Una visione più ottimistica e “continuista” è espressa anche da Barbara Hanawalt
in Growing Up in Medieval London,
Oxford University Press, 1995. Per una buona rassegna degli studi sulla storia
dell’infanzia e un punto di vista equilibrato, si veda Hugh Cunningham, Children and Childhood in Western Society Since 1500,
Longman, 1995, trad. it., Storia dell’infanzia. XVI-XX secolo, Il Mulino, 2000.
[6] Nella visione funzionalista della società di Talcott
Parsons il bambino è proprio una “minaccia”, un potenziale elemento
perturbatore che deve essere annichilito per permettere l’esistenza della
società stessa.
[7] A proposito di ambivalenza delle nostre idee in fatto
di tutela e protezione, potrebbe essere interessante notare come l’attenzione
sempre più ossessiva nei confronti degli abusi, dove tale termine rischia di
allargarsi fino a comprendere gesti in passato ritenuti innocenti, si
accompagni alla crescente problematica della gestione del “senso di colpa”
delle vittime degli abusi.
[8] Non mi invento nulla: la teoria psicogenetica
dell’autismo fu notoriamente elaborata da Bruno Bettelheim, il “doppio vincolo”

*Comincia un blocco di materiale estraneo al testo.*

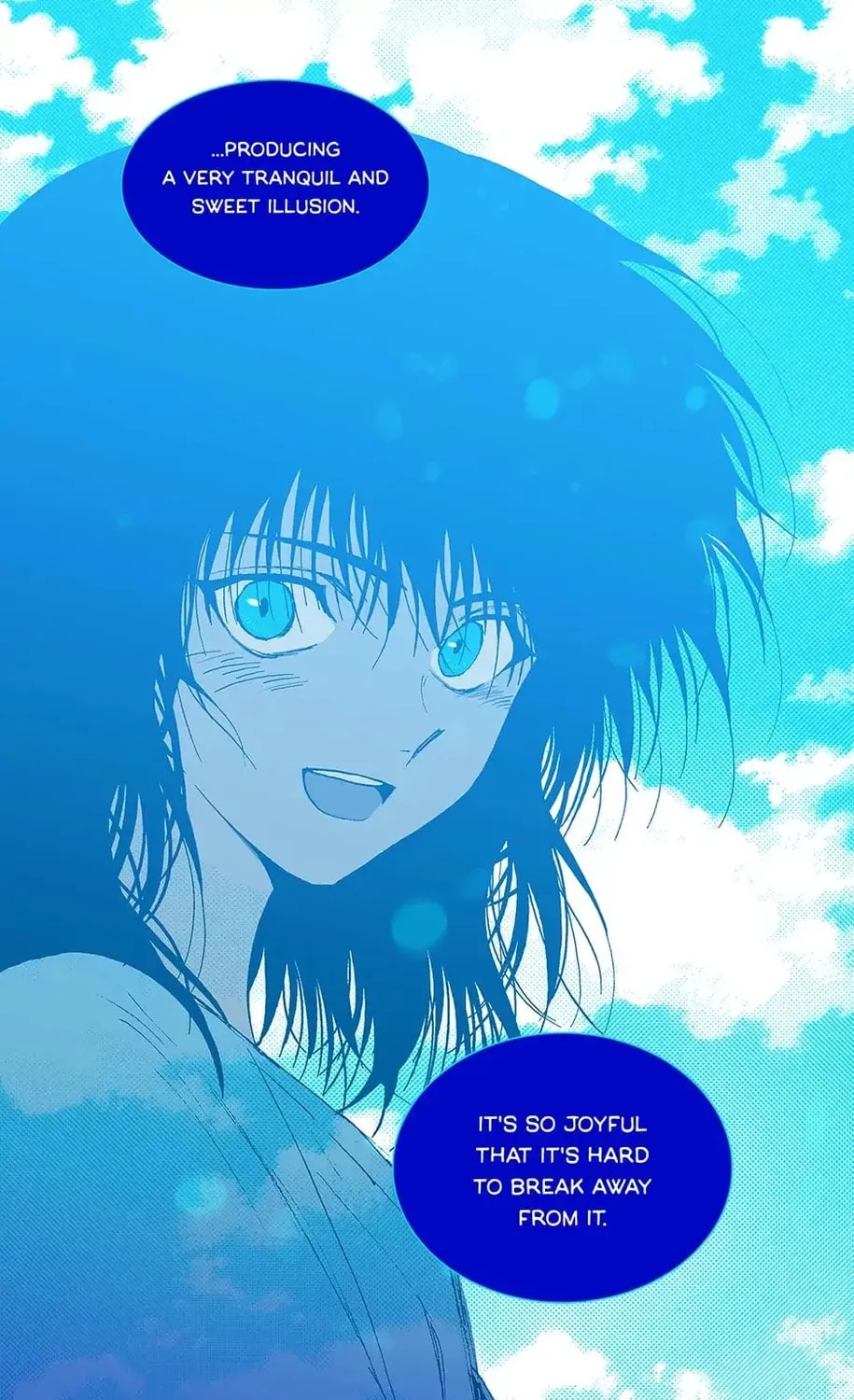 Read Alien Idol chapter 127 image 60 on Lezhin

come causa della schizofrenia è un’idea di Gregory Bateson e della scuola di
Palo Alto, l’importanza della relazione di attaccamento alla madre come modello
per le future relazioni è stata sottolineata da John Bowlby.

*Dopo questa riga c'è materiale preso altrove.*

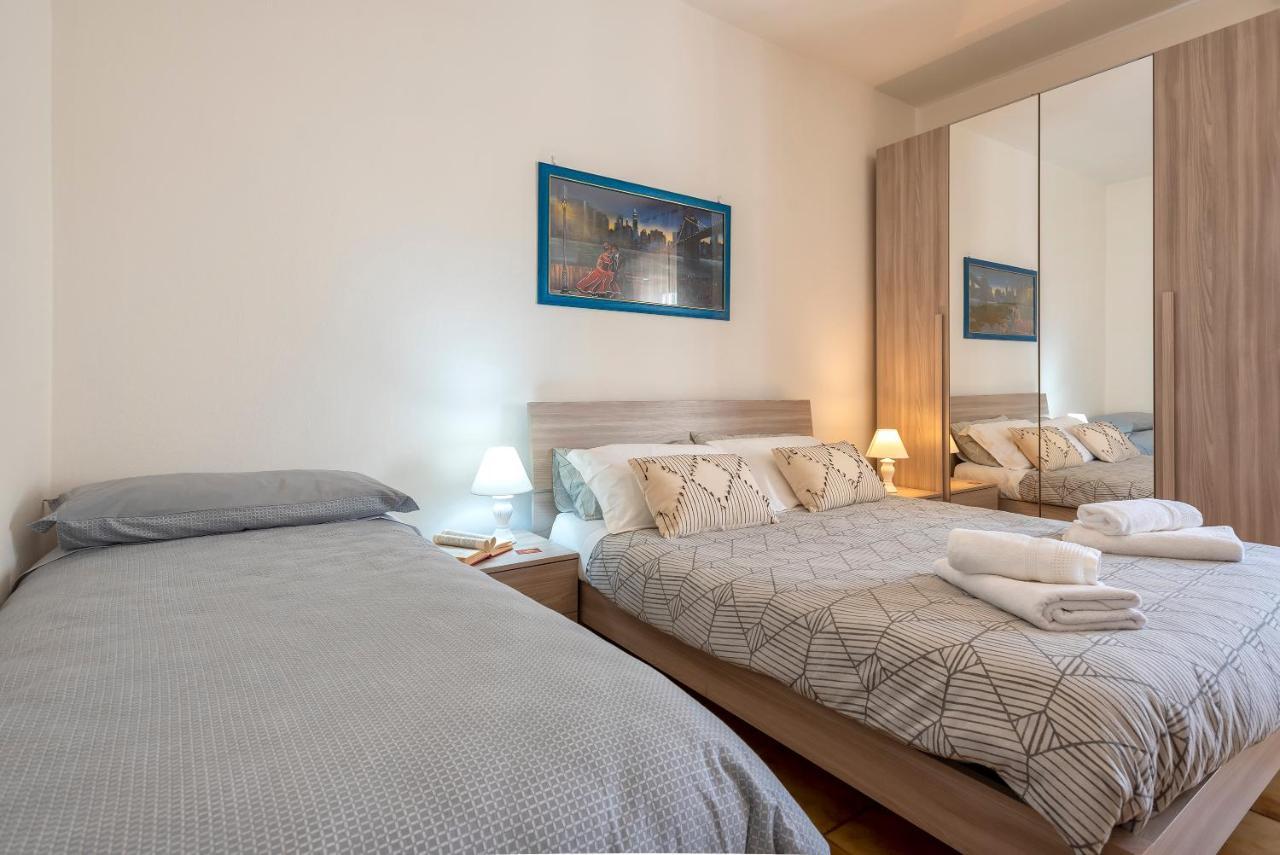 Sardinia Rooms Alghero Eksteriør billede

[9] J.R. Harris, The Nurture Assumption: Why the Children Turn Out the Way They Do, The Free
Press, 1998. In italiano è stato infelicemente tradotto da Mondadori col titolo
Non è colpa dei genitori.
[10] W. Corsaro, The Sociology of Childhood, Pine Press, 1997, trad. it., Le culture dei bambini, Il Mulino, 2003.